Wednesday, May 25, 2022

Tuesday Book Review on Wednesday

 


Four-star review of The Frequency by Amy Quick Parrish

 

This novella, or maybe a very long short story, has a good premise and characters you care about but after a big reveal just ends. There’s every indication that the story will continue, but it seems to be just getting started, that what we have here is a prelude to a more complete story. After her home and her hometown are wiped out by a monster storm and her parents are killed, Emily sets out to find her grandmother and uncovers a conspiracy. So, it’s intriguing and I enjoyed it, as long as it.

Tuesday, May 17, 2022

Tuesday Book Reviews

 

Four-star review of Maybe by Morris Gleitzman

 

This sixth book in this family of books (the author doesn’t want to call it a series) follows Felix’s eventual journey to Australia at the age of 14. His voice is still enthralling, but the characters of Anya and Gosling aren’t as well developed as Zelda and Gabriek were in the earlier books.

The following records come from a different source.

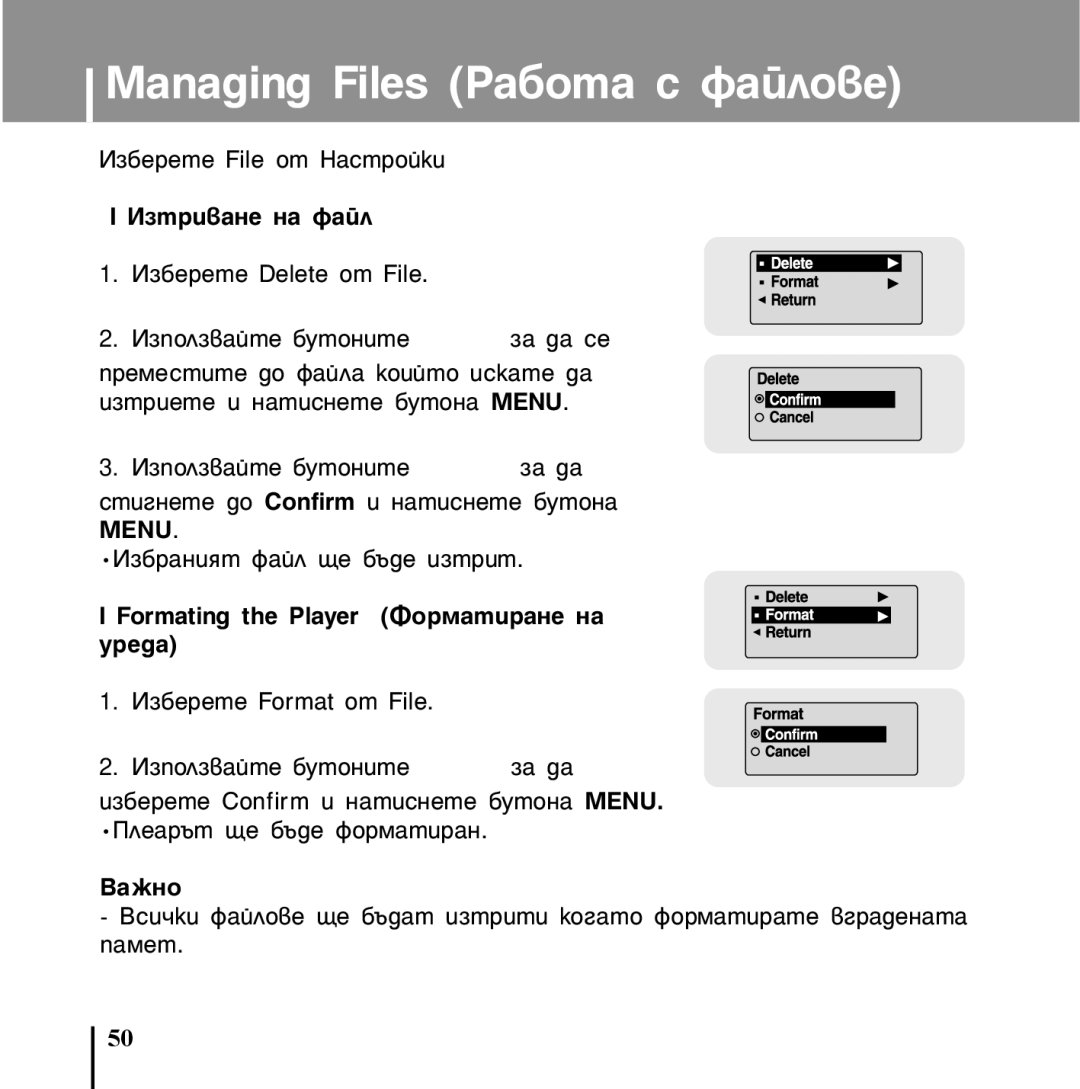 Samsung YP-U1V/ELS, YP-U1X/ELS manual Managing Files ê‡·ÓÚ‡ Ò Ù‡ÈÎÓ‚Â, Àáúë‚‡Ìâ Ì‡ Ù‡Èî 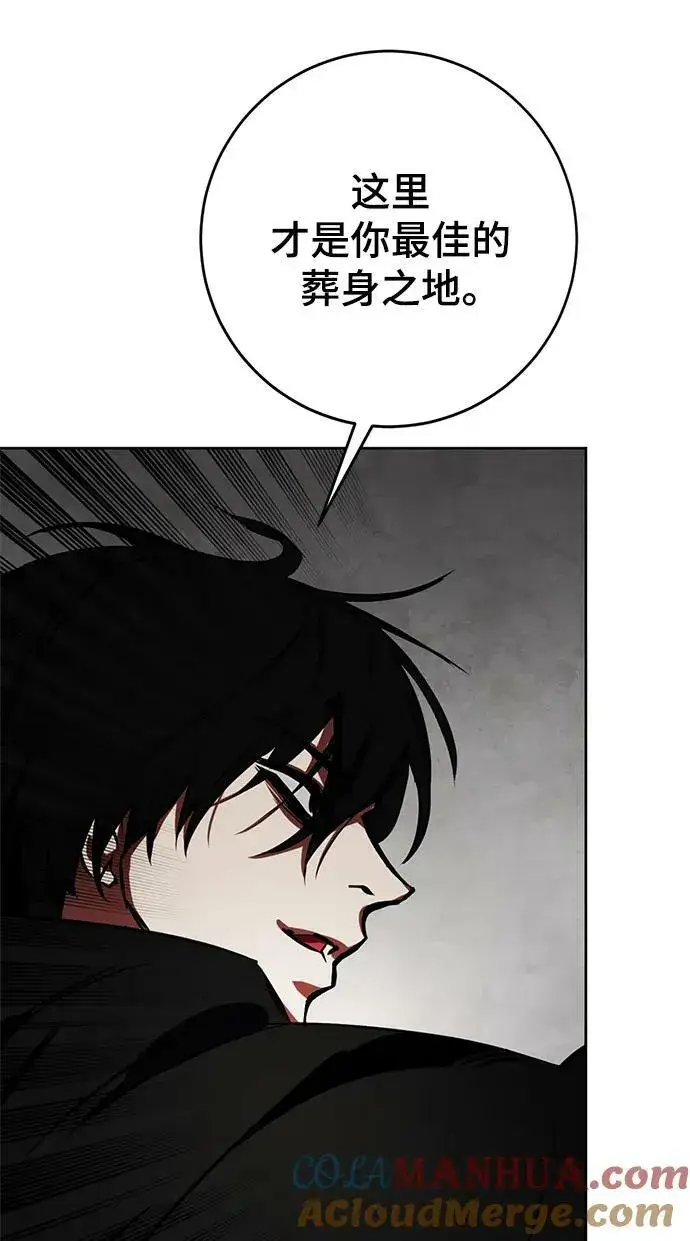 《重生最强玩家》[第124话] 重回正轨的世界（1）图91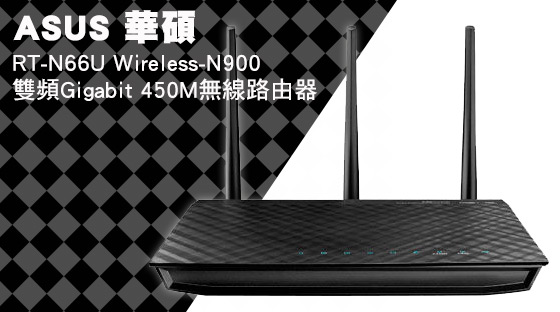 【ASUS 華碩】/ RT-N66U /Wireless-N900 /雙頻/ Gigabit 450M/無線/路由器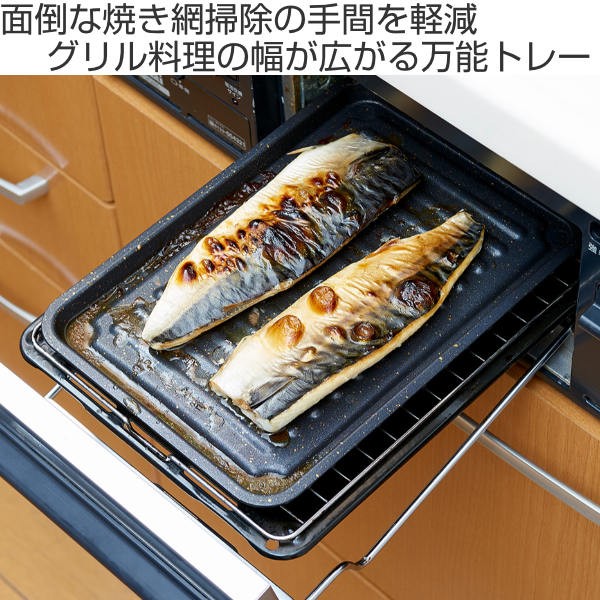 魚焼きトレー グリル専用 ワイド マーブル加工 グリルのお手入れ簡単魚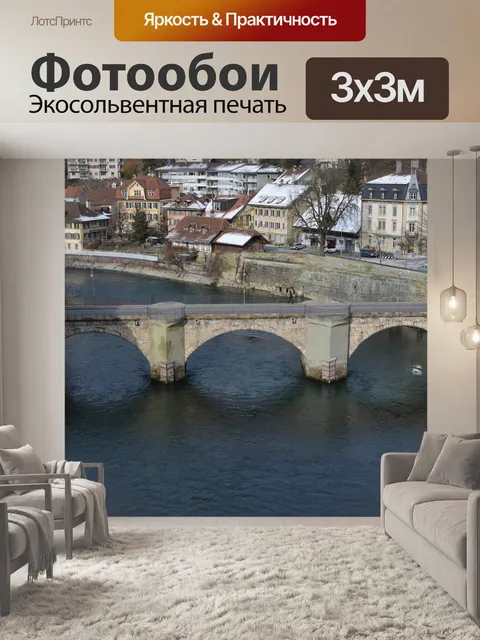 Фотообои Швейцария
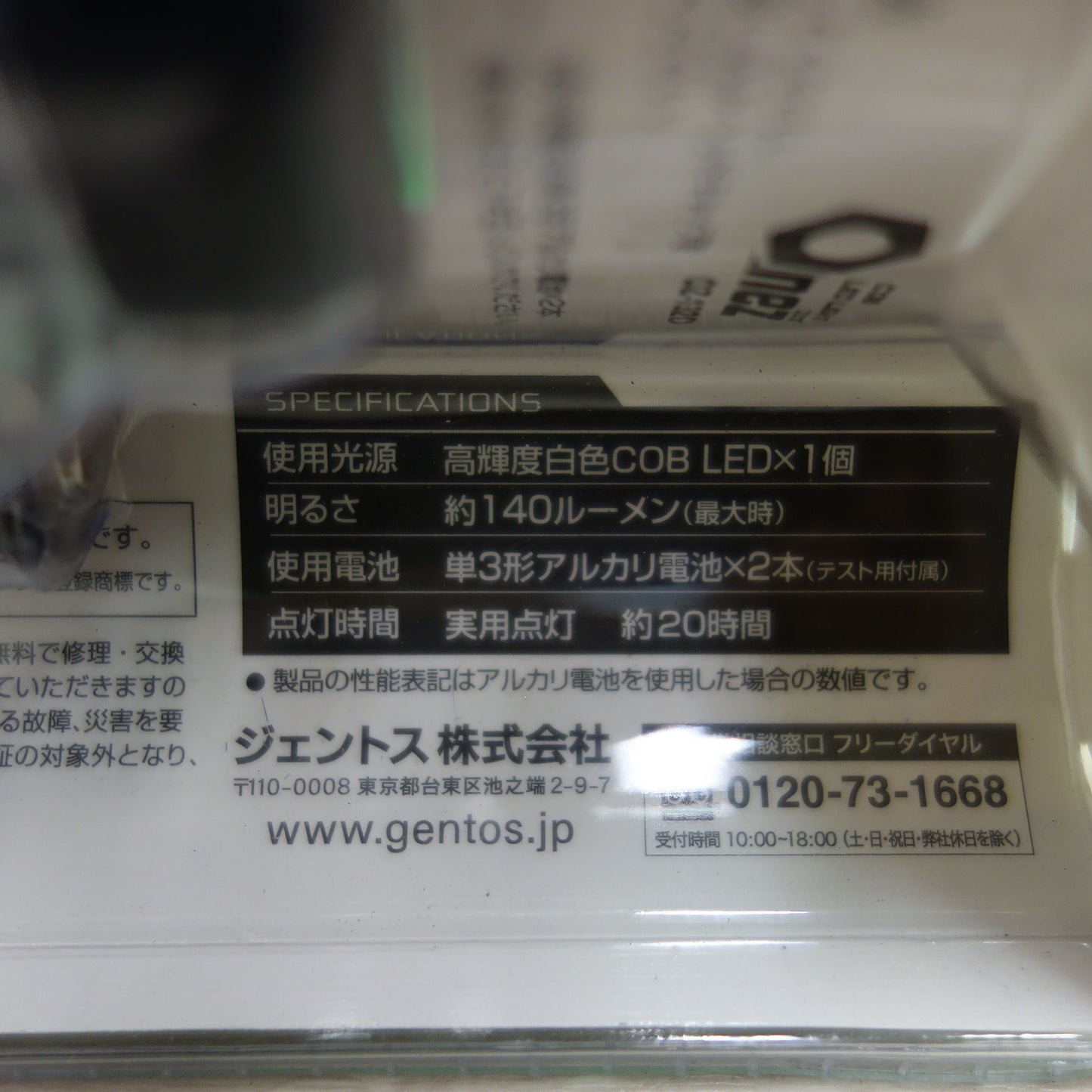 *送料無料*まとめ売り！5点セット☆GENTOS Snap-on ELPA ハンドライト OZ-132D DOP-05MG 等 スナップオン ジェントス☆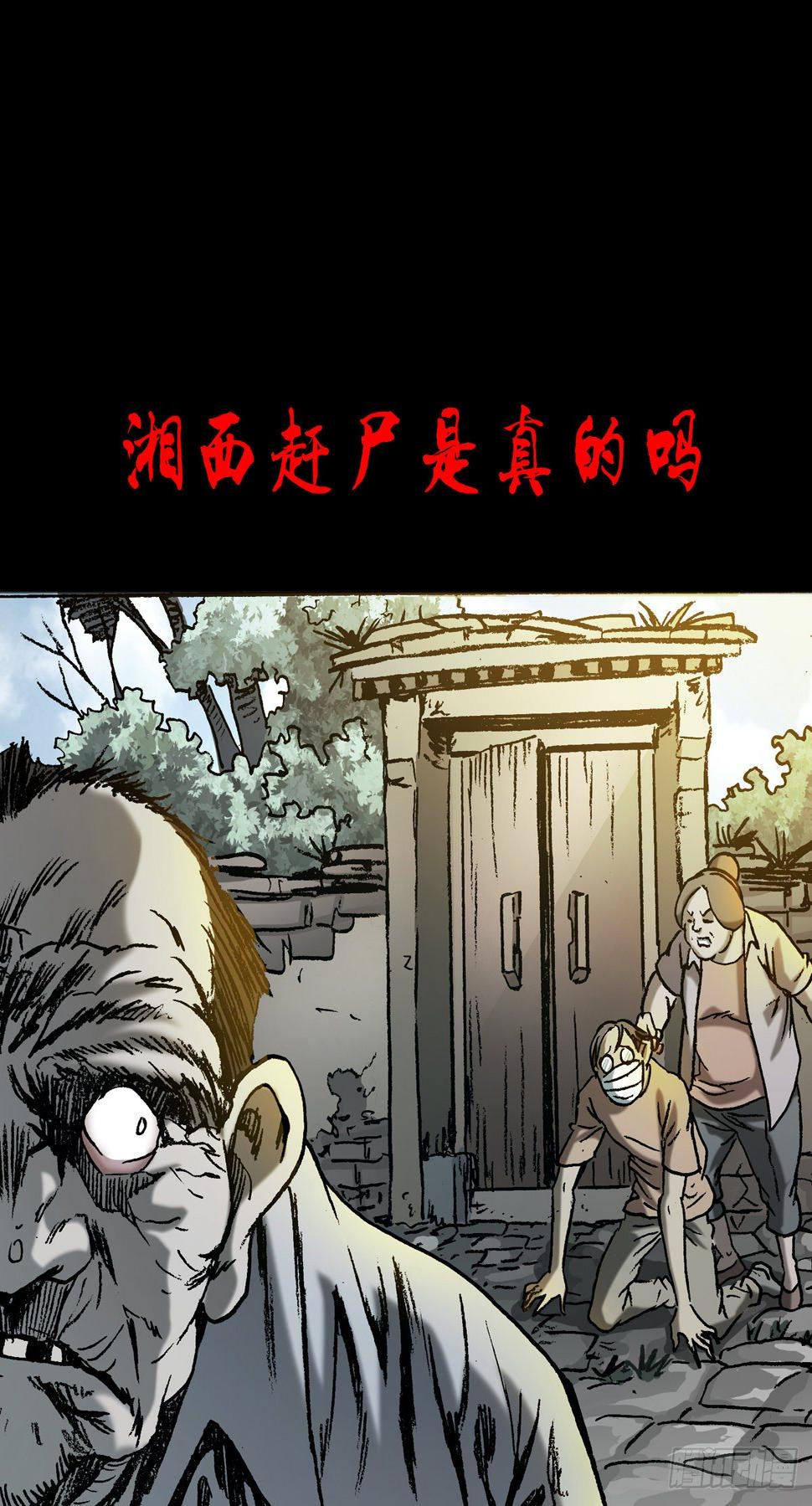 传奇中国是一家公司吗漫画,预告篇1图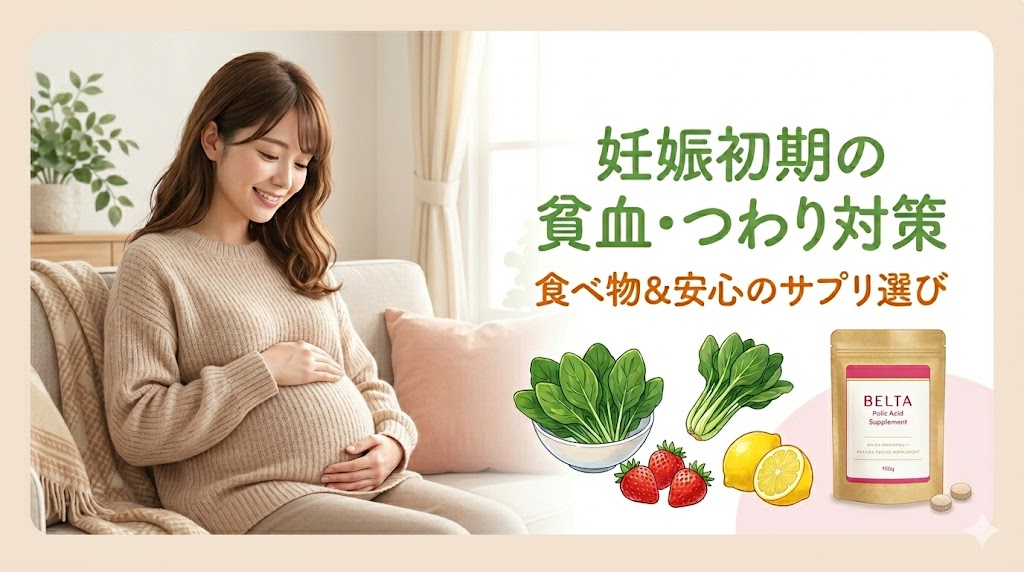 妊娠初期の貧血・つわり対策！食べ物と安心のサプリ選び徹底ガイド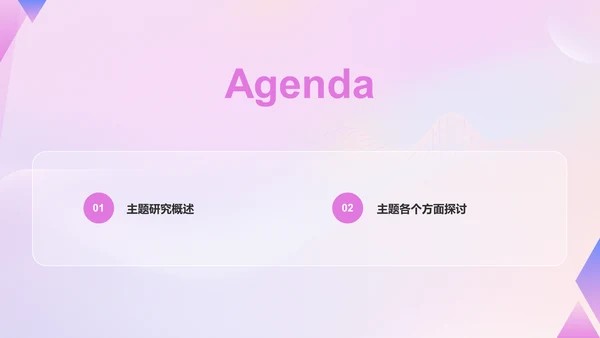 粉色像素风小组作业汇报PPT模板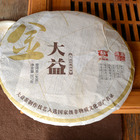 2011 Jin Dayi from Menghai Tea Factory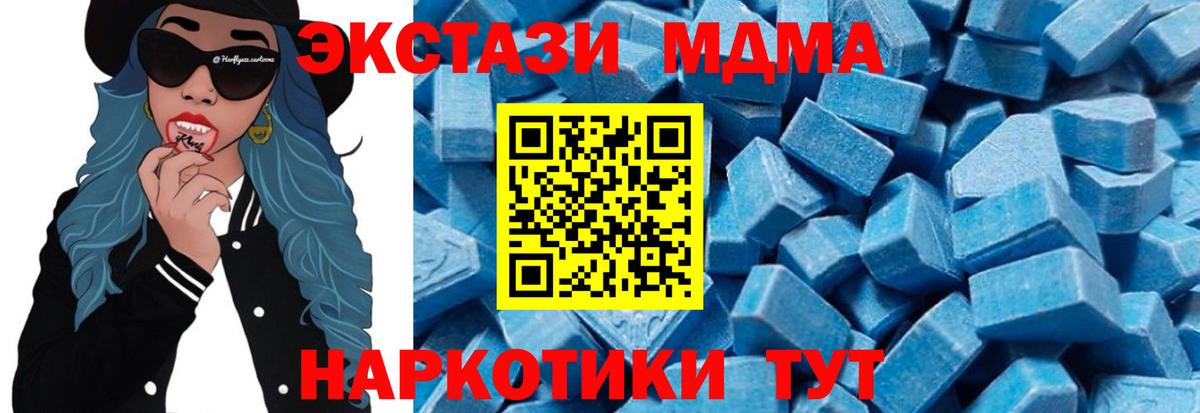 МДМА  Вход с VPN  Чехов  МДМА молли 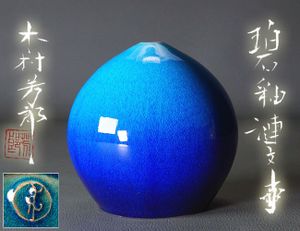 木村芳郎のYahoo!オークション(旧ヤフオク!)の相場・価格を見る｜Yahoo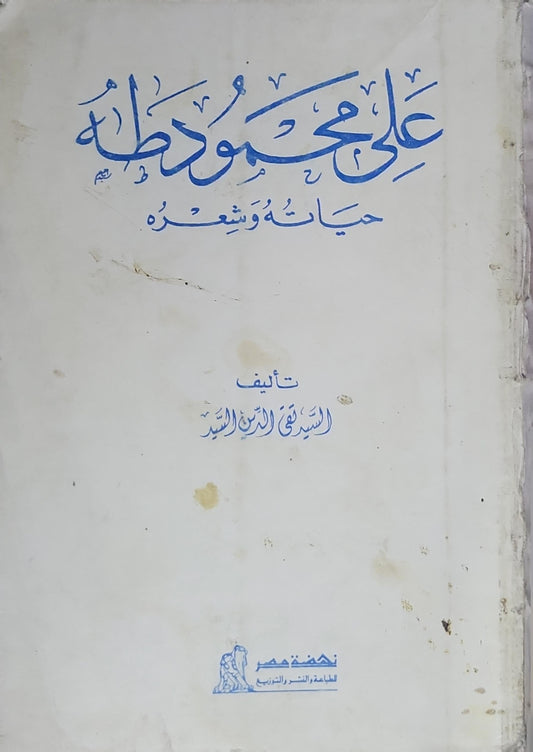 علي محمود طه: حياته وشعره - الشفيع الدين السيد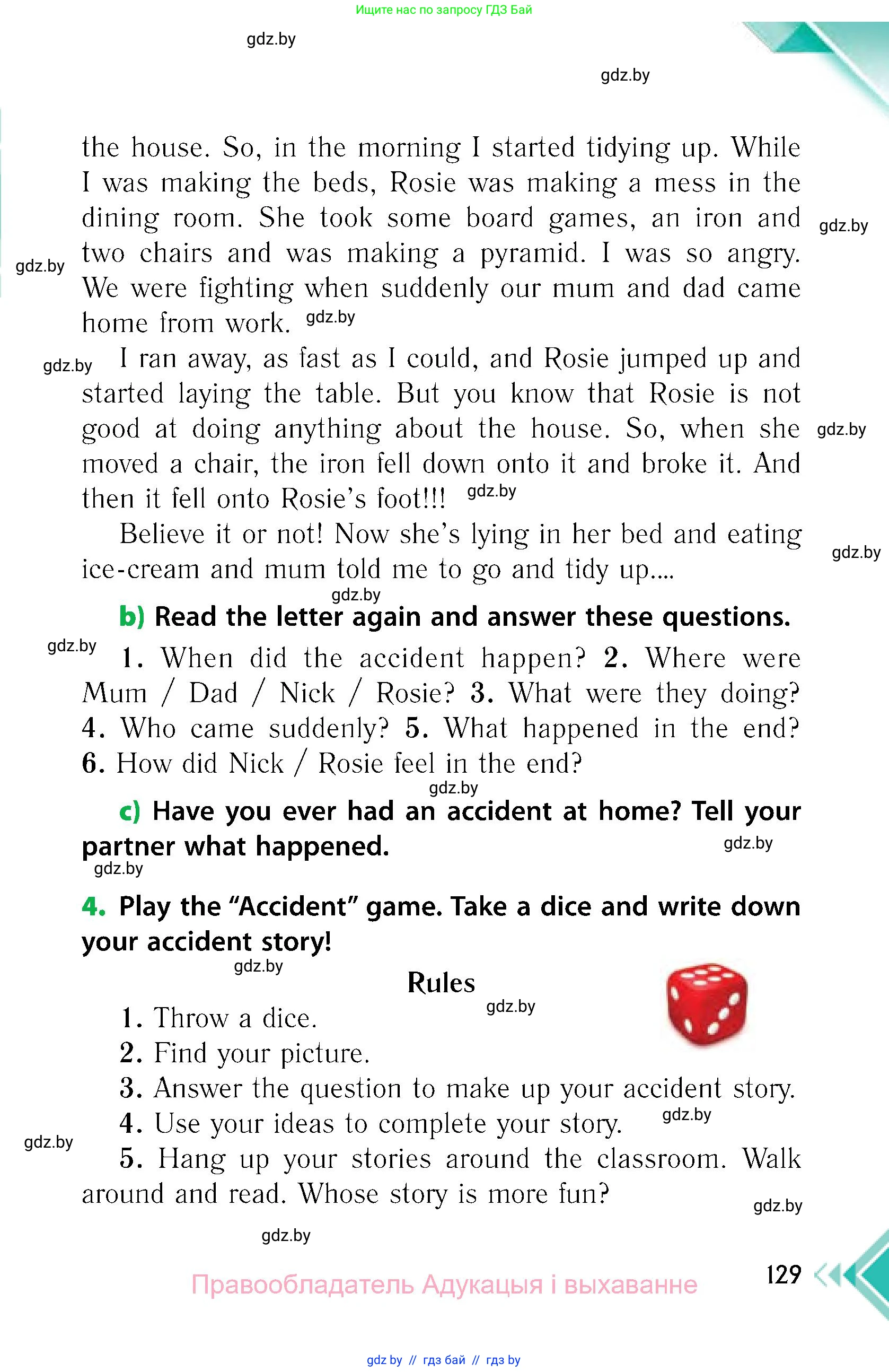 Английский язык (english), 6 класс Учебник, авторы: Юхнель Наталья Валентиновна, Наумова Елена Георгиевна, Малиновская Елена Александровна, издательство Адукацыя i выхаванне, Минск, 2021, страница 129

Some the situations the kids got into seemed overdone. I didn’t feel tension from the ongoing threat of Zliv until the very end. Still, I read this short book in just three days (between everything else I was doing.) Each time I picked it up, I had a hard time putting it down. It comes back to Felix’s voice, the way he tells the story. Maybe it should be four-and-a-half stars.


Tuesday, May 10, 2022

Tuesday Book Review


Four-star review of First Encounter by Jasper Scott

 

This first novel in a new series from one of my favorite Sci-Fi authors has its high points and parts that were uncomfortable for me. Scott created several likeable and dislikeable characters aboard a colony ship from Earth. Their first encounter with alien life leads to unexpected consequences for the officers and colonists, as well as for Earth. How will Clayton and the others get out of the situation they find themselves in at the end? And will they ever successfully set up an Earth colony? Guess I’ll have to read on to find out.


 


Wednesday, May 4, 2022

Tuesday Book Review on Wednesday

 


Five-star review of Sea of Tranquility by Emily St. John Mandel

 Time travel as it's never been done before. I enjoyed Station Eleven, in fact it’s one of my favorite books, and this one from the same author is just as good. On the surface, this is a time travel story, speculative fiction at its best, but through the different narrators, time periods, and obvious links among them, Mandel tells a story of the meaning of time and existence. It stimulates the brain and the heart. Some characters stand out more than others, and one or two get lost in the shuffle but all the threads come together at the end. Still, I would have liked more. Despite the complexity of the text, it’s an easy, quick read. After my recommendation, my book club is reading the book for this month. Will it resonate as much with the diverse people in that group? We’ll see. Meanwhile, like Station Eleven, I plan to read it again and again.

Tuesday, April 26, 2022

Tuesday Book Reviews

 

4-star review of Cleopatra’s Dagger by Carole Lawrence

Elizabeth is a newspaperwoman in late 19th Century New York City, although she comes from a wealthy family. She goes from covering society stories to being a crime reporter after witnessing a murder and then finding a body where ground is being prepared for installation of the title monument behind the Museum of Natural History, but that’s really the last we read about Cleopatra’s Dagger. The author did her research on conditions during the time of the story, and it shows. There are interesting characters that could be filled out even more. The writing is smooth making for a quick read. Most of the tension is left to the imagination of the reader, but I understand how hard it is to write dangerous situations for a protagonist.

 

Tuesday, April 19, 2022

Tuesday Book Reviews


Five-star review of My Evil Mother by Margaret Atwood

 

Actually a long short story, The Evil Mother is about a child’s belief and interpretation of what her mother has told her. Do we consider our mothers’ warnings as coming from a concerned parent or a witch? Do our mothers try to scare us into complying with their demands? If your answer to these questions was ever yes, you’ll be able to relate to the narrator. And when do we become our mothers?

Wednesday, April 13, 2022

Tuesday Book Review on Wednesday

 

Four-star review of Murder at the Mortuary by Lee Strauss

 This is the fifth in the Ginger Gold series about an heiress in 1920’s London. Intrepid Lady Gold is on her first official case with help from her pathology student friend Haley, who discovered the first body in the mortuary without an identification tag. With Chief Inspector Basil Reed trying to make a go again with his estranged wife, she can’t rely on him. There are enough suspects who could have removed the tags from the first and succeeding bodies. Throw in a connection to the Mafia and a horse-breeding farm, as well as several interesting characters, and there’s enough of a plot and plot twists for this not-so-cozy historical murder mystery. And through it all we see instances of Ginger’s generosity and also examples of the attitudes, fashion and ambience of the time period.